We're also doubling down on how we partner with our parents as equal partners by engaging them and staffing up a parent and guardian advisory council, by relaunching our parent and family university — where we will help parents with everything from if they need to get a GED to understanding how to help their child with homework or literacy development in the home, helping parents with their resumes, helping them find jobs, and connecting them with the resources and providing training and workshops and opportunities.
We're looking forward to launching that work in early 2025.
The Harvard and Stanford Education Recovery Scorecard project shows that Philadelphia schools are recovering from the pandemic faster than other large city school systems. To what do you credit the school system's progress on recovery?
WATLINGTON: This school district has received $1.2 billion in COVID relief funding that was appropriated by Congress beginning in 2020, when the pandemic hit and closed schools. We've been good stewards of those dollars, put them to good use.
When we invest in teachers, and we focus on what kids learn in the classroom — and when we monitor it, measure it, grow and water it — kids actually get better.
I think we have engaged so many groups and inspired them to work together on this message that teachers can't do all of this work by themselves, even though they’re the single-most important factor in whether students will grow academically. When students, parents and teachers step up and we bring them all together in one big tent, when we focus intensely on improving regular student attendance — meaning trying to get more of our students to attend school 90% of the school year, which has increased for the past two years — the end product becomes improved student achievement outcomes.

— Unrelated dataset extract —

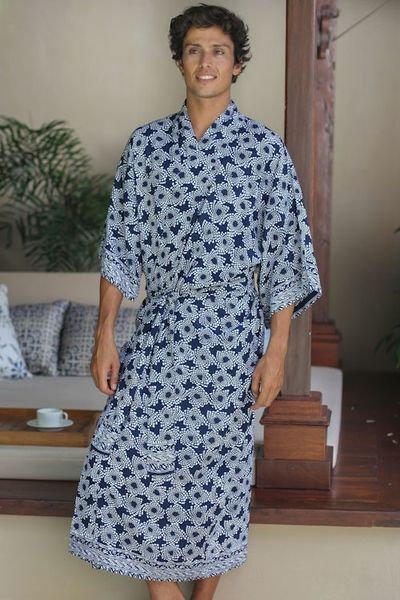 Alternate image for Mens Batik Robe from Indonesia Navy Blue Nebula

Of the pandemic relief investments the district made, what do you think are the most important things those funds were spent on in terms of return on investment?
WATLINGTON: Learning recovery — when we use more resources to help more kids have more teachers, more time and more resources to master the curriculum standards.
Just like you can see what kind of automobile gets the best gas mileage, the best wear-and-tear for tires, the best suspension, etc. via Consumer Reports, we've looked at EdReports, which rates curricula. And we've invested some $70 million in green-rated, best-in-class curricula across the district. The return on that investment will continue for years to come as we prepare teachers to teach the curriculum we purchased.
We've used those COVID relief dollars to invest heavily in students being able to master the material they missed when schools were closed via before-school and after-school support, more targeted resources in the classroom, and resources to support students and teachers.
We've been able to graduate, for example, 300 additional students over the summer, and make sure that more students pass their grade levels by satisfying grade level standards.
In a district that has some very old, aging facilities, we were able to use some resources to build out some new learning spaces and new schools with state-of-the-art ventilation and HVAC systems, which are very important in a city that has school buildings where the average age is 73 years, and a number are 120 years or older.